In many enterprise architectures, Product data originates from multiple external systems of record. Zen Electron's setup is a classic example: they need to source core Product data from a Product Information Management (PIM) system and Product images from a Digital Asset Management (DAM).

There are two primary ways to send data to the Project: the synchronous HTTP API and the asynchronous Import API.

To showcase the power of the Import API's dependency resolution, we will perform a two-step import:

  1. First, we will import the images from the DAM. The Import API will stage these images, referencing Product Variants that do not yet exist.
  2. Second, we will import the Product data from the PIM. The API will then automatically associate the pre-loaded images with the correct Product Variants as they are created.

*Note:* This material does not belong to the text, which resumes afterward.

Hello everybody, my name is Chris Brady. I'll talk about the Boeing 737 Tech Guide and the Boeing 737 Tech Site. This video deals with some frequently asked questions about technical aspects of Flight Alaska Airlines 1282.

A key best practice for any data import is to define unique keys for all resources. Keys make your import operations idempotent (safe to re-run) and provide a stable way to reference resources across different import jobs. Notice how each CSV file below includes a unique key for the primary resource it defines.

Let's assume we have received the data formatted into the following CSV files:

images\_from\_dam.csv:
product_variant_sku,image_url,image_key
WM-001,https://dam.example.com/images/mouse_front.jpg,mouse-front
WM-001,https://dam.example.com/images/mouse_side.jpg,mouse-side
BK-001,https://dam.example.com/images/keyboard_main.jpg,keyboard-main
UCH-001,https://dam.example.com/images/hub_all_ports.jpg,hub-all-ports
products\_from\_pim.csv:
key,name_en_US,slug_en_US,product_type_key,variant_sku,variant_key,price_key,price_cent_amount,price_currency,tax_category_key
product-001,Wireless Mouse,wireless-mouse,electronics,WM-001,wm-001,wm-001-us-price,2999,USD,standard-tax
product-002,Bluetooth Keyboard,bluetooth-keyboard,electronics,BK-001,bk-001,bk-001-us-price,1232,USD,standard-tax
product-003,USB-C Hub,usb-c-hub,electronics,UCH-001,uch-001,uch-001-us-price,3999,USD,standard-tax

Solution A: The Import API

This approach leverages the Import API, which is specifically designed for bulk, asynchronous data ingestion. A service will extract data from the PIM and DAM, transform it into the required Import API format, and upload it in bulk.
The Import API processes data asynchronously, making it an ideal choice for initial catalog imports and scheduled batch updates. The solution below follows the general Import API workflow.

Step 1: Import Product Images from the DAM

We begin by importing the images. This might seem counterintuitive since the Products don't exist yet, but it's a perfect demonstration of the Import API's ability to handle dependencies. We are telling Composable Commerce, "Here are some images; please attach them to these Product Variant SKUs as soon as they become available."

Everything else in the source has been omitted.